Other historic buildings through the town include the Red Hill Hotel (operating continuously since 1854 after being one of the earliest hotels on the goldfields to get a licence) and the attached Assembly Hall (opened December 1856 and awaiting restoration), the School in the Park (1871 to 1911), the Railway Viaducts, the Chewton Cemetery and all of the earlier gold fields cemeteries, all of the old churches (St John's still operates as a church, the others now a community centre, a gallery and a residence), the Old Police Lock-up, Heron's Reef, Eureka Reef, the Garfield Water Wheel, Expedition Pass Reservoir etc. The list goes on - Chewton is full of old treasures.
Then there were the historic events such as the attempted expulsion of the Chinese in 1857, the great flood of New Year's Day 1889, and the Monster Meeting of 1851. The People and Places Display in the Town Hall can provide detail on all of these.
The protest meeting of the 15th December 1851 was given the name because of the number of diggers attending, estimated at between 12,000 to 20,000 according to various reports. The diggers were protesting about the doubling of the cost of the licence to dig from 30 shillings to 3 pounds per month. The proposed increase was rescinded by the Governor at about the time of the Monster Meeting taking the heat out of the situation.

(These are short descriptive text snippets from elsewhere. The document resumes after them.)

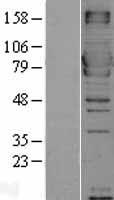 MX1 / MX Protein - Western validation with an anti-DDK antibody * L: Control HEK293 lysate R: Over-expression lysate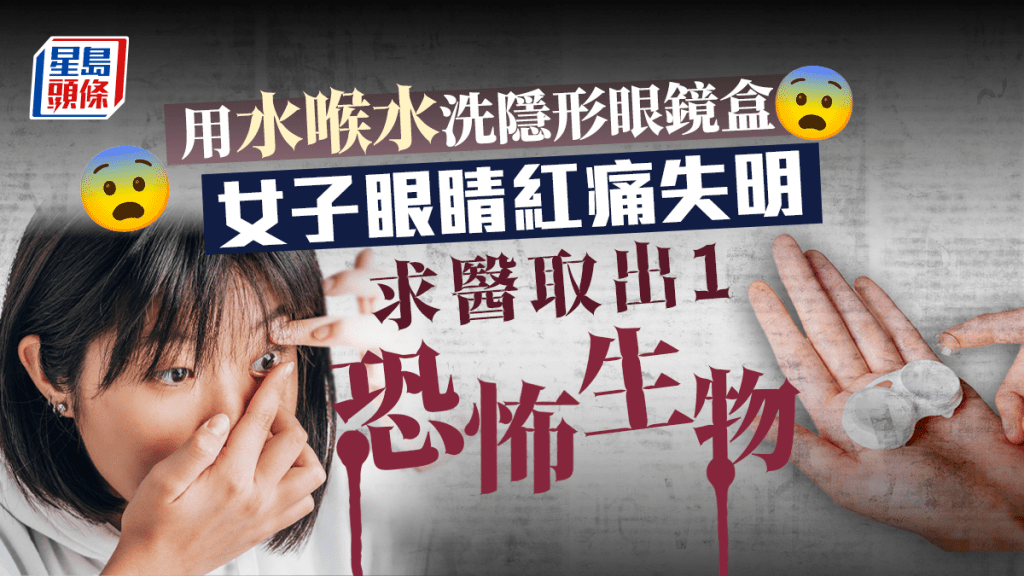 用水喉水沖洗隱形眼鏡盒竟然令眼睛發炎,最後導致失明?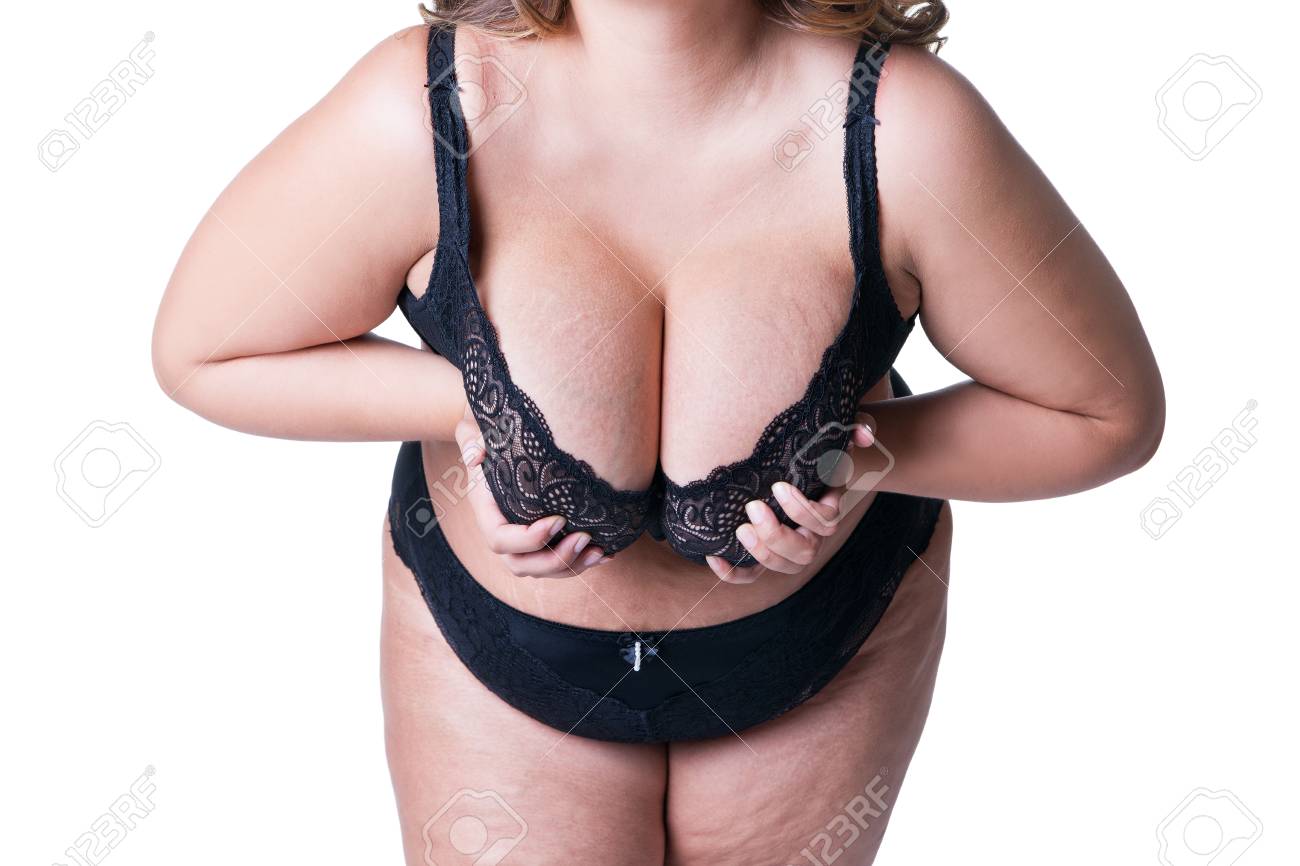 Dehnungsstreifen Auf Einer Großen Natürlichen Brüste, Fettleibige Frau Mit  Großen Titten, Übergewichtiger Weiblicher Körper Lokalisiert Auf Weißem  Hintergrund Lizenzfreie Fotos, Bilder und Stock Fotografie. Image 104871915.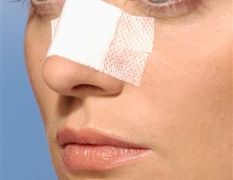 RINOPLASTIA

This early protest by the diggers was one of the first signs of the stirring of democracy, the unity and resistance demonstrated here predating the more celebrated uprisings in Bendigo (Red Ribbon Rebellion August 1853) and Ballarat (Eureka Stockade December 1854).
The Monster Meeting was held at the Shepherd's Hut, just east of the
junction of Forest and Wattle Creeks at 4pm. on the 15th of December, 1851. The diggers flew a flag to symbolise their cause, and a David Tulloch drawing of 1851 captured the scene. The flag appears as an integral part of the Chewton logo, courtesy of Geoff Hocking who commissioned the painting of the flag by Rhyll Plant and reproduced it in his book "The Red Ribbon Rebellion".
A plaque was unveiled by Mt Alexander Shire to celebrate the 150th Anniversary of the Monster Meeting. This plaque is on the Pyrenees Highway at the Tourist Information Board, and is very close to the site of the original Shepherd's Hut and the meeting itself. The plaque quotes where, driven by enthusiasm that ... "though a single twig may be bent or broken, a bundle of them tied together yields not nor breaks" .... the miners resolved ... "to unite for strength" and ... "to act and not to talk". The dispute over Miners' "rights" became people's rights and led to achievements of the Rally being recognised as a key step toward the birth of democracy in the State of Victoria.